IF EXISTS (SELECT 1 FROM sys.server_event_sessions
            WHERE name = 'SQLskills_InvestigatingUpdates')
BEGIN
    DROP EVENT SESSION [SQLskills_InvestigatingUpdates] ON SERVER;
END
GO
CREATE EVENT SESSION [SQLskills_InvestigatingUpdates]
ON SERVER
– Track sparse file writes for snapshots
ADD EVENT sqlserver.file_written_to_replica(
    ACTION(package0.callstack,sqlserver.session_id)
    WHERE ([sqlserver].[session_id]=(62))),
– Track memory page allocations
ADD EVENT sqlos.page_allocated(
    ACTION(package0.callstack,sqlserver.session_id)
    WHERE ([sqlserver].[session_id]=(62))),
ADD EVENT sqlos.page_freed(
    ACTION(package0.callstack,sqlserver.session_id)
    WHERE ([sqlserver].[session_id]=(62))),
– Track latching
ADD EVENT sqlserver.latch_acquire_time(
    ACTION(package0.callstack,sqlserver.session_id)
    WHERE ([sqlserver].[session_id]=(62))),
ADD EVENT sqlserver.latch_suspend_begin(
    ACTION(package0.callstack,sqlserver.session_id)
    WHERE ([sqlserver].[session_id]=(62))),
ADD EVENT sqlserver.latch_suspend_end(
    ACTION(package0.callstack,sqlserver.session_id)
    WHERE ([sqlserver].[session_id]=(62))),
– Track locking
ADD EVENT sqlserver.lock_acquired(
    SET collect_database_name = 1
    ACTION(package0.callstack,sqlserver.session_id)
    WHERE ([sqlserver].[session_id]=(62))),
ADD EVENT sqlserver.lock_released(
    SET collect_database_name = 1
    ACTION(package0.callstack,sqlserver.session_id)
    WHERE ([sqlserver].[session_id]=(62))),
– Track transaction log activity
ADD EVENT sqlserver.log_flush_requested(
    ACTION(package0.callstack,sqlserver.session_id)
    WHERE ([sqlserver].[session_id]=(62))),
ADD EVENT sqlserver.log_single_record(
    ACTION(package0.callstack,sqlserver.session_id)
    WHERE ([sqlserver].[session_id]=(62))),
ADD EVENT sqlserver.transaction_log(
    ACTION(package0.callstack,sqlserver.session_id)
    WHERE ([sqlserver].[session_id]=(62))),
– Track batch and statement activity
ADD EVENT sqlserver.sql_batch_completed(
    ACTION(package0.callstack,sqlserver.session_id)
    WHERE ([sqlserver].[session_id]=(62))),
ADD EVENT sqlserver.sql_batch_starting(
    ACTION(package0.callstack,sqlserver.session_id)
    WHERE ([sqlserver].[session_id]=(62))),
ADD EVENT sqlserver.sql_statement_completed(
    ACTION(package0.callstack,sqlserver.session_id)
    WHERE ([sqlserver].[session_id]=(62))),
ADD EVENT sqlserver.sql_statement_starting(
    ACTION(package0.callstack,sqlserver.session_id)
    WHERE ([sqlserver].[session_id]=(62)))
– Store event data in ring_buffer target
ADD TARGET package0.ring_buffer;
GO

Testing Methodolgy

From the original thread on SQL Server Central, there are a couple of sticking points that keep getting brought up so in the interests of attempting to be thorough I am going to provide the testing methodology being used, and then list all of the tests that are going to be run. 

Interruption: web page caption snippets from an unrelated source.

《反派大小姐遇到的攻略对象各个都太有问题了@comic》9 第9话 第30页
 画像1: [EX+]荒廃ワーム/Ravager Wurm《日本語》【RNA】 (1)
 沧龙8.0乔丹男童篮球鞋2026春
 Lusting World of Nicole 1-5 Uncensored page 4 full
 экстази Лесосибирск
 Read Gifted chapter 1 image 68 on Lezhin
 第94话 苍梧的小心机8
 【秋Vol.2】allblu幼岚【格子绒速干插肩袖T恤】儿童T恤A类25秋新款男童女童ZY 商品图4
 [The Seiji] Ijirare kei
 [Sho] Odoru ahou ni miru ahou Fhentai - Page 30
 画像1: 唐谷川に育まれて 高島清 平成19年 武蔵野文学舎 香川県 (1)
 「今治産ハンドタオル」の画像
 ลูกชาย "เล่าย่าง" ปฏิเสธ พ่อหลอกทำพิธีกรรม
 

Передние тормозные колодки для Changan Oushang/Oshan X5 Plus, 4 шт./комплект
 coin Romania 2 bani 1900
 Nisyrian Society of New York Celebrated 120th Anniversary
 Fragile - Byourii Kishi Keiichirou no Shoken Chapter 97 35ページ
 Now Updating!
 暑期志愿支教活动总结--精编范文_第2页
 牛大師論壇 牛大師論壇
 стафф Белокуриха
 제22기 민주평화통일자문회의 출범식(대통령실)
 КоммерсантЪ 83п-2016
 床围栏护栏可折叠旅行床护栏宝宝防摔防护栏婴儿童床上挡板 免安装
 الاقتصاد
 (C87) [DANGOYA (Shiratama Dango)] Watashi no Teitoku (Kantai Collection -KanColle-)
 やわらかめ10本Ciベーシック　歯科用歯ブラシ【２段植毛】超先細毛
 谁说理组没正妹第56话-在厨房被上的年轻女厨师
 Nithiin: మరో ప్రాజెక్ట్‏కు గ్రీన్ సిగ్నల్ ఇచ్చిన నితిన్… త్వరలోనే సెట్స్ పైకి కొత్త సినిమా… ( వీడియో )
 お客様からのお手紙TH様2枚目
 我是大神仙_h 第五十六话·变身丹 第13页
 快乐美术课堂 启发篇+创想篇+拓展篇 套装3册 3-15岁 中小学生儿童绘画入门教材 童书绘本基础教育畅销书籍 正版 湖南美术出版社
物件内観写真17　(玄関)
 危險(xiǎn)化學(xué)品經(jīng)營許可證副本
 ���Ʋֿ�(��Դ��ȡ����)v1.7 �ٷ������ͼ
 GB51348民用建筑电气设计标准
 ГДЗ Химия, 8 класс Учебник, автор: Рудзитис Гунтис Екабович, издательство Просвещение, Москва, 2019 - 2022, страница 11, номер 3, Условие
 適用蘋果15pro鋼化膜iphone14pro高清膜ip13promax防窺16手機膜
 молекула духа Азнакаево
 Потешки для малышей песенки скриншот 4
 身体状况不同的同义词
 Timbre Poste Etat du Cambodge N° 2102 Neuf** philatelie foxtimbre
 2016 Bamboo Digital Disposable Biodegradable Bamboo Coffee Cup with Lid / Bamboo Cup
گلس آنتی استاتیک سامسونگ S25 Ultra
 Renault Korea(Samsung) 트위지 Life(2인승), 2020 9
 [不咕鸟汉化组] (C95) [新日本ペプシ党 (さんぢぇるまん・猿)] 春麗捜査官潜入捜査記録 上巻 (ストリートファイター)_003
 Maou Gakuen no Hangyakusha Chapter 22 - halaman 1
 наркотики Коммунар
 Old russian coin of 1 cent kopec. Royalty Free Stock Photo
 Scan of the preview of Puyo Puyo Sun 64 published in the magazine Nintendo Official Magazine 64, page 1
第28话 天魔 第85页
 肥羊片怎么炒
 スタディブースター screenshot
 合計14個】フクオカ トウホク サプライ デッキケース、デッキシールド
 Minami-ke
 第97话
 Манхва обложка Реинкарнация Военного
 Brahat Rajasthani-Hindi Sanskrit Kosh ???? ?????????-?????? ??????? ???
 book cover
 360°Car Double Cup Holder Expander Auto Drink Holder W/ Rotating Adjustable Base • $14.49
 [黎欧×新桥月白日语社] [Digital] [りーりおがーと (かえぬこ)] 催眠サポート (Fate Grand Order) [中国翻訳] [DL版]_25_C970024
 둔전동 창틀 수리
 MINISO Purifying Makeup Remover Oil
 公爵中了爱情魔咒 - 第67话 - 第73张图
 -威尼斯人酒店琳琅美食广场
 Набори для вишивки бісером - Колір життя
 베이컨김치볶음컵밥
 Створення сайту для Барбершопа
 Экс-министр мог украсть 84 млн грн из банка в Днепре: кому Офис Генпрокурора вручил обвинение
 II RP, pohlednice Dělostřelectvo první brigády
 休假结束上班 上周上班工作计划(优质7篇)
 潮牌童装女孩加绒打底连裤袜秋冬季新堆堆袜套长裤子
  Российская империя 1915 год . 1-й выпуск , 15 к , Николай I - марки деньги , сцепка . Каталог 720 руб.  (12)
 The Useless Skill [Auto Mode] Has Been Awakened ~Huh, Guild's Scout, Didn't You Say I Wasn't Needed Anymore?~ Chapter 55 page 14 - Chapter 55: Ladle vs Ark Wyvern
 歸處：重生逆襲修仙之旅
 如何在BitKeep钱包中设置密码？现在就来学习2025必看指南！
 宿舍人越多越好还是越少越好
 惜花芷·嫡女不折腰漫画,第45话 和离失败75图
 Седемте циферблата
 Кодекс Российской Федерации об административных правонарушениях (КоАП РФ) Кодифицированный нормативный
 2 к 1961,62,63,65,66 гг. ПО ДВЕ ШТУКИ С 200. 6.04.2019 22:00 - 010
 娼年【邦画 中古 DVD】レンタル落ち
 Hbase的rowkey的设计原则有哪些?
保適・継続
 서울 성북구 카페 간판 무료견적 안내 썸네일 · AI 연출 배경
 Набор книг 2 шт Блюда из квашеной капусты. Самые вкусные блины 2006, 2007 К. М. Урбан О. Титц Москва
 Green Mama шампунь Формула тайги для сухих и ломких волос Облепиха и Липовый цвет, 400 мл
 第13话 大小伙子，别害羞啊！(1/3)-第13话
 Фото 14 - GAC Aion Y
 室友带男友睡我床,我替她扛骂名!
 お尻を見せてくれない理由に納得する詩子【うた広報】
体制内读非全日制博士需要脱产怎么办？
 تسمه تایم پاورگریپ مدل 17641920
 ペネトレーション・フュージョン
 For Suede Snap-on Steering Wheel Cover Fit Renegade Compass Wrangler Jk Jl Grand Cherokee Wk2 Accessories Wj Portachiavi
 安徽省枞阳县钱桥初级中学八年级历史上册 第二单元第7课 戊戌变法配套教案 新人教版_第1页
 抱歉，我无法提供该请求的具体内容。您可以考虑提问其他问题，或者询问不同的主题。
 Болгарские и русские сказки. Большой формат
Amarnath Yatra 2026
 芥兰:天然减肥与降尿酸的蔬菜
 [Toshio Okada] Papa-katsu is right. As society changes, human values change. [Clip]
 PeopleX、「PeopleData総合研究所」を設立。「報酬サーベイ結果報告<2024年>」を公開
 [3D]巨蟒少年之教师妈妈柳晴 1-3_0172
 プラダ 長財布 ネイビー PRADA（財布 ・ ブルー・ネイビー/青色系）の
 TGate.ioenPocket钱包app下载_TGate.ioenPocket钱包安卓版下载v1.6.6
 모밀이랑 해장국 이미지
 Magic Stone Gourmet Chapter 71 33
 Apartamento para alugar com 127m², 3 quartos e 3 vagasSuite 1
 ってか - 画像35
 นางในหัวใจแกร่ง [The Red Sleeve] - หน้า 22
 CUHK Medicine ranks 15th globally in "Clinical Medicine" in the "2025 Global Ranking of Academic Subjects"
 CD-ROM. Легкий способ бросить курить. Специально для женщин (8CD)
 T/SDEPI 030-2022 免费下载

  1. All tests will be conducted against both of the databases to identify behavior changes between CS and CI collations if they occur. 
  2. At the start of every test, the data in the tables will have 'Tom' for the Name column.  If a previous test has changed the value to something different it will be reset before the test is executed.
  3. The event session will be stopped and started between each test to isolate the data collect to each individual test.
  4. At least one minute of time will be waited for between tests to allow the background thread that performs row version cleanup to execute and remove row versions that may have been created by the tests. (http://msdn.microsoft.com/en-us/library/ms175492(v=sql.105).aspx)
  5. All of the tests will be run once initially to allow the execution plan to be generated and cached in the plan cache, and then the test will be reset and rerun so that the event session doesn't capture the page allocations and locking/latching associated with compiling/caching the plans.

Tests

The tests that will be performed are as follows:

  1. Determine the way that SQL Server handles UPDATE statements that set the column to the same value that previously existed without filtering.

    – Non-updating update
    UPDATE dbo.Test
    SET Name = Name;
    GO

    – Non-updating update
    UPDATE dbo.Test
    SET Name = 'Tom';
    GO

  2. Determine the way that SQL Server handles UPDATE statements that change the value that previously existed without filtering.

    – Updating update
    UPDATE dbo.Test
    SET Name = 'TOM';
    GO

  3. Determine the way that SQL Server handles UPDATE statements that set the column to the same value that previously existed with filtering.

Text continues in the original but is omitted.